⟨

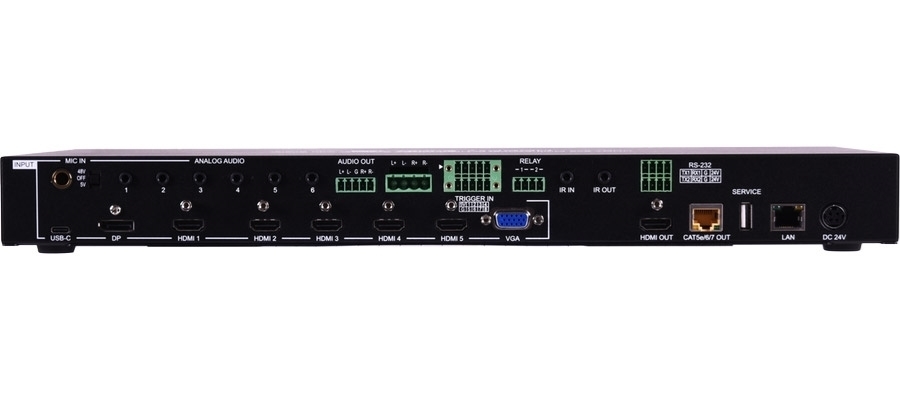 Cypress CSC-6030CVE – Масштабатор сигналов 5хHDMI, DP, USB-C, VGA, микрофонного и 6х стереоаудио в HDMI и HDBaseT 4K/60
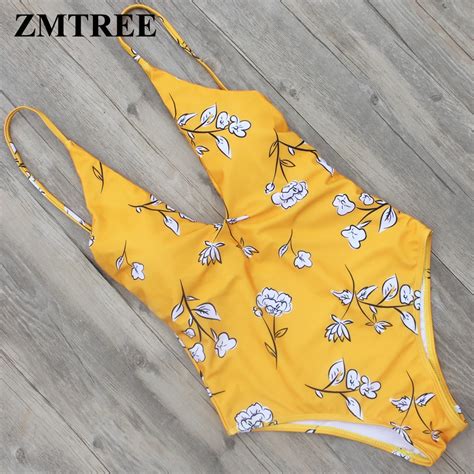 Buy Zmtree 2017 Swimwear Halter Deep V One Piece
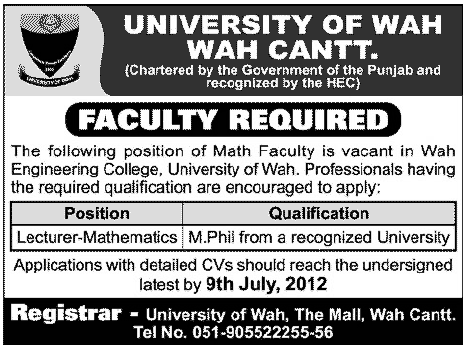 University of Wah Requires Lecturer in Mathematics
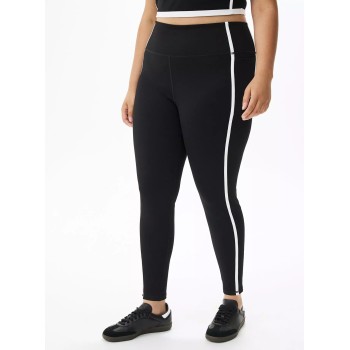 Plus size performace pocket leggings for women piped fitness tights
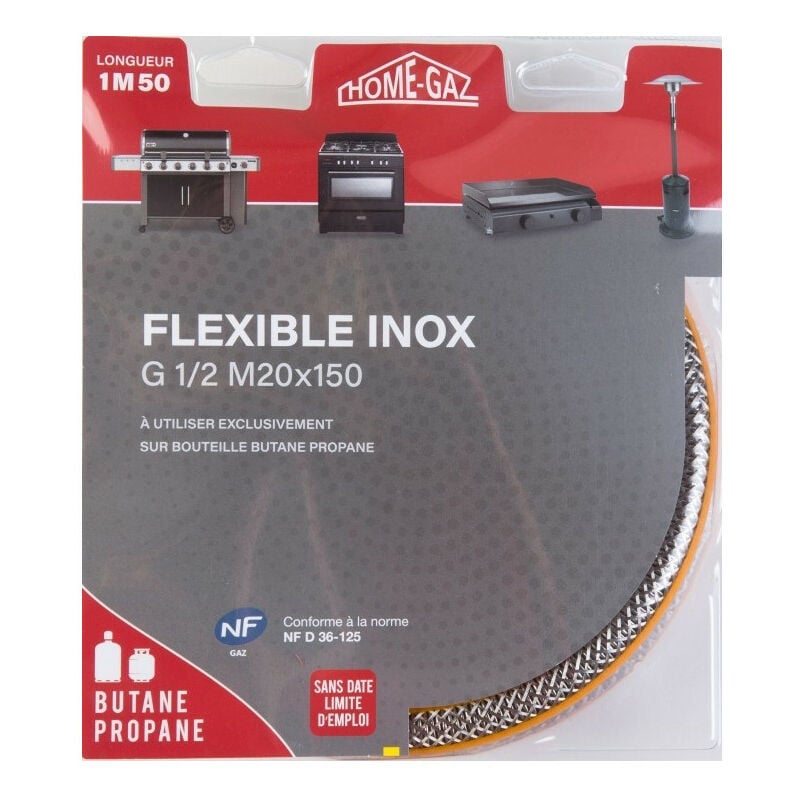 Home Gaz - Flexible inox butane/propane 1.5 m sans date de péremption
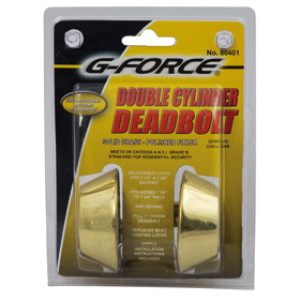 G-FORCE 80401 DOUBLE CYLINDER POLISHED BRASS DEADBOLT KW1 KEYWAY KEYED ALIKE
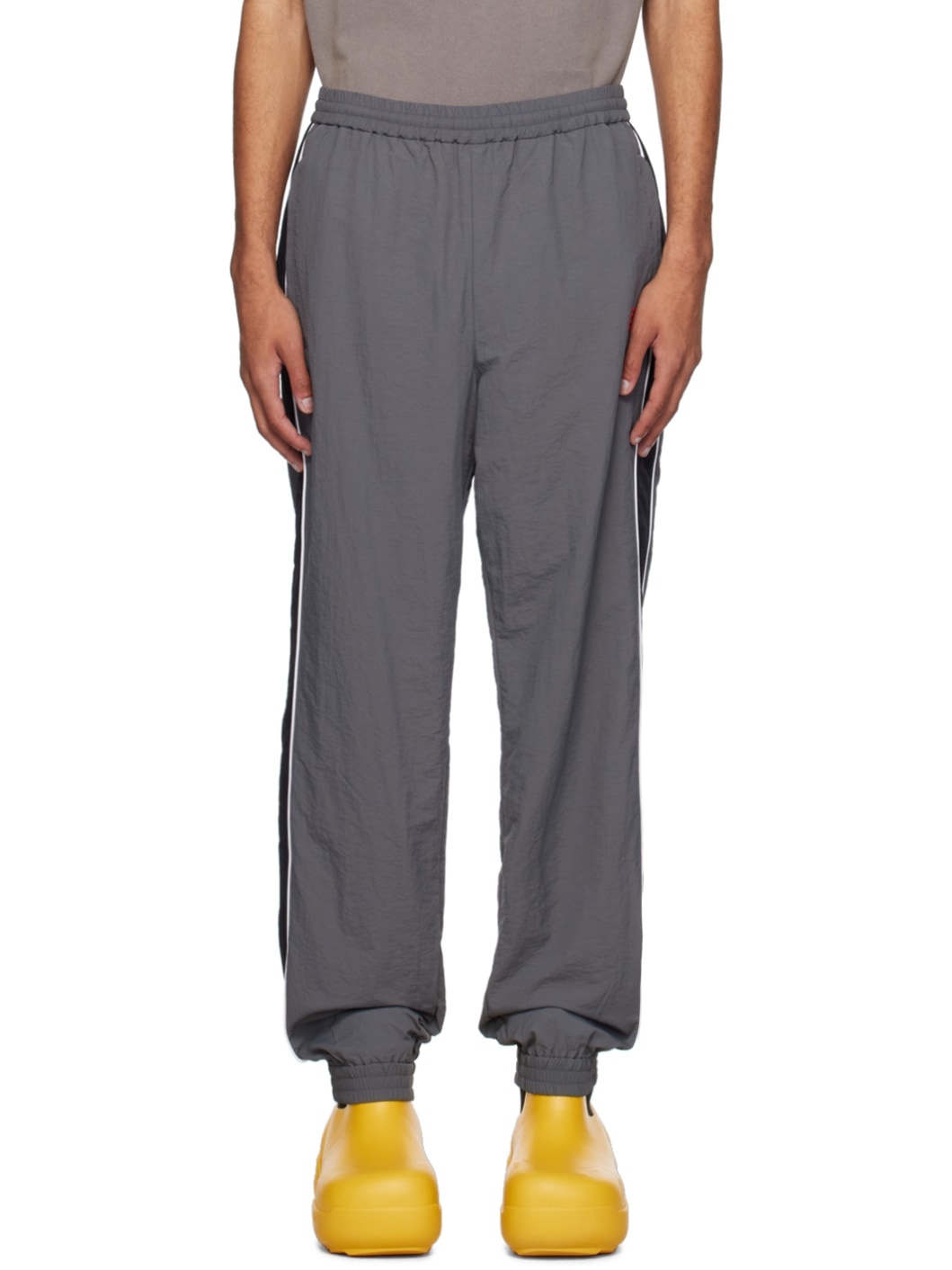 Gray Elastic Waistband Track Pants - 1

⟩

▶ [PROBLEM REQUIREMENTS]:
The answer must consist of the line containing "Plus size performace" and every line after it through the end of the records, retyped exactly, with all pictures left out.

▶ [RESPONSE BELOW]:
 Plus size performace pocket leggings for women piped fitness tights
 Home Gaz - Flexible inox butane/propane 1.5 m sans date de péremption
 G-FORCE 80401 DOUBLE CYLINDER POLISHED BRASS DEADBOLT KW1 KEYWAY KEYED ALIKE
 Gray Elastic Waistband Track Pants - 1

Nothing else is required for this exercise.